If you get switches within 2 minutes range, you should enlarge the online-logs. If you brought the log-switches to 15 minutes and more, and still do not get the archive done, add additional log-groups.

What about your log group #5 ?
Is this a real gap, or is group #5 damaged/outordered ?

Put parameter "log_checkpoints_to_alert=true" or likewise in you init.ora file. If you get additional "checkpoint not complete" messages inbetween, it is an additional sign to enlarge the online-logs.

BTW: Never consider these archivelogfiles as "useless". In fact they are a very important part of an oracle-database :-)

Good hunting
Volker




Brian Crabtree
Honored Contributor

Re: Oracle redo->archive rollover "failure"

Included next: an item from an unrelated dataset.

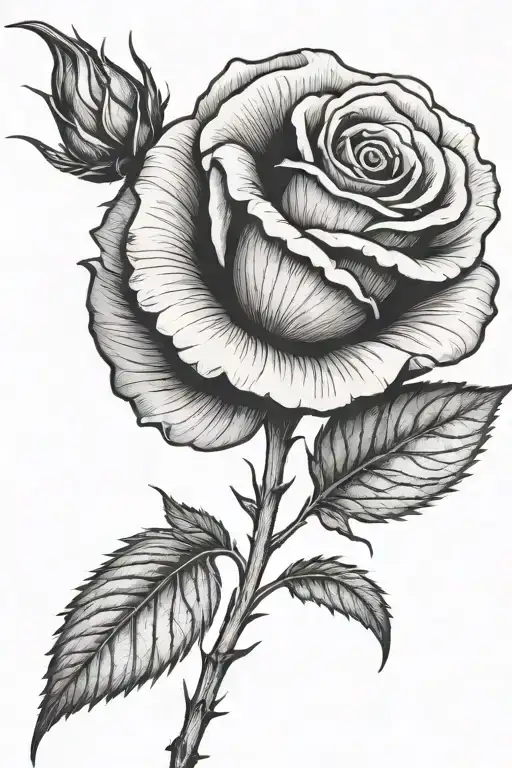 One Small Rose Growing With A Long Stem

Also, you will want to check your I/O on the disks the archive directory is in. This error will happen if the archiver is unable to keep up with the database. Possibly increasing the number of archive processes might be a good idea, and increasing the size will decrease the frequency that it will switch at, which can help with this issue as well.

Brian
Christian Gebhardt
Honored Contributor

Re: Oracle redo->archive rollover "failure"

Hi Peter

This errors in the logfile are normal behaviour in 8.1.7.
In your example there is following situation:

- ARCO archives log#4
- ARC1 is willing to work, saw that log#4 is ready to archive and begins. Then ARC1 notice that ARC0 is still doing the job writes the error message and archive log#6 instead
- ARC0 is ready with archiving log#4, is willing to work, saw that log#6 is ready to archive, ...

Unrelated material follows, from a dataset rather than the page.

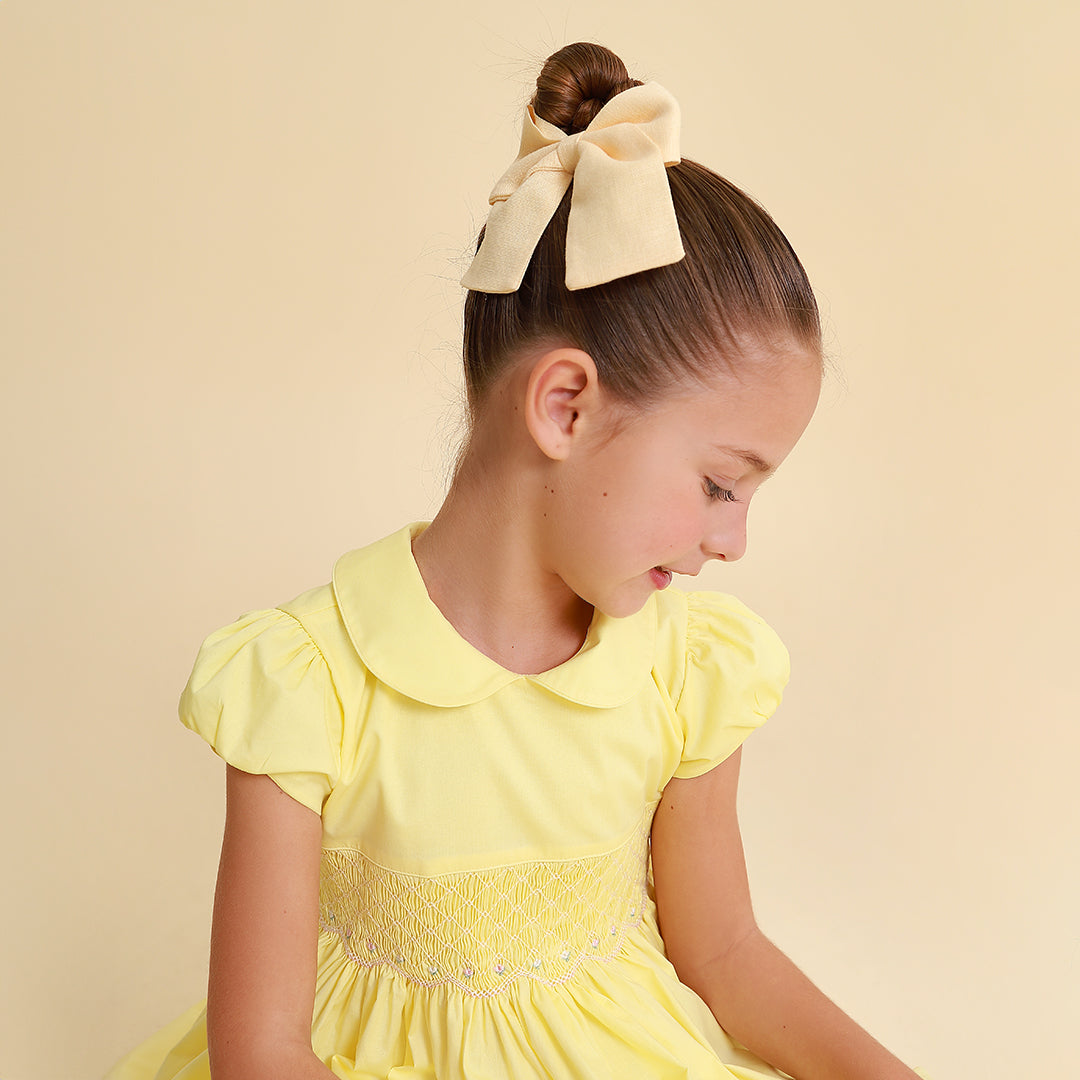 Vestido Bordado Infantil Clara Amarelo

Strange but it works as designed

Christian
R. Allan Hicks
Trusted Contributor

Re: Oracle redo->archive rollover "failure"

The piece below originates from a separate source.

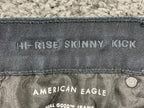 American Eagle Hi-Rise Skinny Kick Jeans Short Black Seam Split Hem Sz 14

I may be missing something, but.. you have two archiver processes. I can see where if you have 2 redo logs you could get into trouble because you could fill one up start the archiver and fill the next one up before the frist could finish. Yes, you should be able to archive 100M in two minutes. Some things that you might want to check.

1. What all is going to the archive drive? Could you have a contention problem. You have at least two archive processes fighting over it. For example, if the archives are on the same drive as the redos or a hot tablespace you could have some problems.

2. What happens if you add redo logs? If you have two logs and two archivers, Oracle is supposed to politely wait until a redo log becomes available. If you have two redo logs and both archivers are archiving them, you have no available redos and Oracle should hang until a redo log becomes available.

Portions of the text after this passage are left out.